Summaries of all traits observed across the entire RMC (“All”) as well as divided among the subspecies (indica and japonica) and among the subpopulations (ARO, AUS, IND, TEJ, TRJ) are presented in Figure 1. Table 1 presents Pearson correlation coefficients between the trait BLUPs for the whole RMC (“All”) and for the indica and japonica subspecies. Subpopulation correlations are not presented or discussed further because their smaller panels identified relatively few significant correlations and their correlation patterns were similar to those of the indica and japonica subspecies panels.
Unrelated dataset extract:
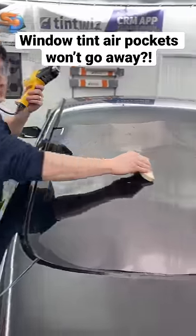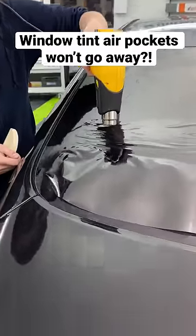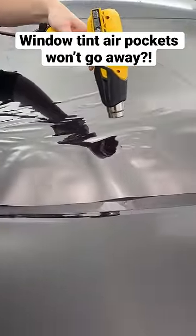Then you want to divide your film in half. You want to just lightly tack down the edges, then heat the film till it looks like beach waves headed into the shore.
On average, the As-induced stress in the MSMA plots delayed DHD by 2 days and decreased height by 13 cm compared to the Native soil plots, but both DHD and PHT were highly correlated between the MSMA and Native soil treatments (r = 0.90 and 0.79, respectively, Table 1). While hull-Si was lower in Beaumont, TX (avg. 188 mg kg−1), compared to Stuttgart, AR (avg. 215 mg kg−1), the hull-Si calculated across the two locations was highly correlated with the Si data from each individual location (r = 0.86 for both Beaumont, TX, and Stuttgart, AR, Table 1). A positive correlation was observed between PHT and DHD under both Native and MSMA conditions among all panels in this RMC study.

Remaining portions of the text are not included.